Each capitalized term used in this letter and not defined has the meaning given
to such term in the Prospectus.

         We are familiar with the proceedings taken and proposed to be taken by
the Trust in connection with the proposed authorization, issuance and sale of
the Transition Bonds. In this connection, we have examined and relied upon such
trust records and other documents, instruments and certificates and have made
such other investigation as we deemed appropriate as the basis for the opinion
set forth below. In our examination, we have assumed legal capacity of all
natural persons, the genuineness of all signatures, the authenticity of all
documents submitted to us as originals, the conformity to original documents of
documents submitted to us as certified, conformed or photostatic copies and the
authenticity of such original documents.

         We have relied on the opinion of Richards, Layton & Finger, P.A. filed
contemporaneously herewith for all matters of Delaware law.




<PAGE>


PECO Energy Transition Trust
March 4, 1999
Page 2

         The opinions expressed below are based on the following assumptions:

         (a) The Registration Statement on Form S-3 filed by the Trust as
registrant with the Securities and Exchange Commission with respect to the
Transition Bonds (the "Registration Statement") will become effective;

         (b) The proposed transactions are carried out on the basis set forth in
the Registration Statement;

         (c) Prior to the issuance of any Series or Class of Transition Bonds:

               (i)   all necessary orders, approvals and authorizations for the
                     Trust's purchase from time to time of Intangible Transition
                     Property from PECO Energy Company, a Pennsylvania
                     corporation, in exchange for the proceeds from the issuance
                     of Transition Bonds will have been obtained by the Trust;

               (ii)  the Indenture will have been executed and delivered by the
                     Trust's authorized representative and The Bank of New York,
                     as trustee;

               (iii) the Amended and Restated Trust Agreement will have been
                     executed and delivered by George Shicora and Diana Moy
                     Kelly, as Beneficiary Trustees, and The Bank of New York,
                     as Issuer Trustee, Delaware Trustee and Independent 
                     Trustee;

               (iv) the maturity dates, the bond rates, the redemption
                    provisions and the other terms of the Transition Bonds being
                    offered will be fixed in accordance with the terms of the
                    Indenture;

               (v)  the Sale Agreement between the Trust and PECO Energy
                    Company, as Seller, will have been executed and delivered;
                    and

               (vi) the Master Servicing Agreement between the Trust and PECO
                    Energy Company, as Servicer, will have been executed and
                    delivered.

         (d) The Indenture will be qualified in accordance with the provisions
of the Trust Indenture Act of 1939, as amended.
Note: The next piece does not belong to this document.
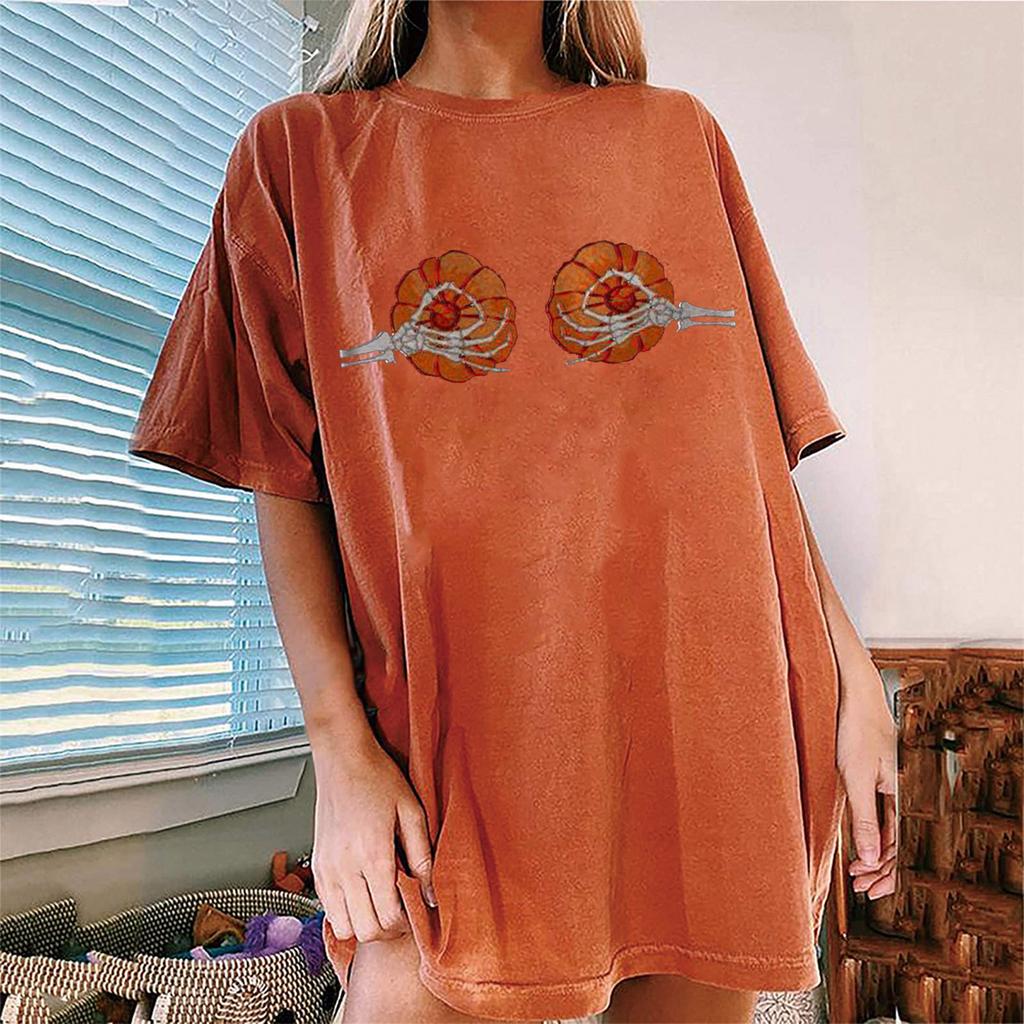 Women's Loose Blouse Round Neck Short Sleeve Halloween  Print T-shirt Top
         Based on the foregoing, we are of the opinion that, when properly
executed, authenticated, delivered and paid for as provided in the Indenture and
upon satisfaction of all




<PAGE>


PECO Energy Transition Trust
March 4, 1999
Page 3


conditions contained on the Indenture and the Underwriting Agreement (a form of
which is filed as Exhibit 1.1 to the Registration Statement), the Transition
Bonds will be legally issued, valid and binding obligations of the Trust.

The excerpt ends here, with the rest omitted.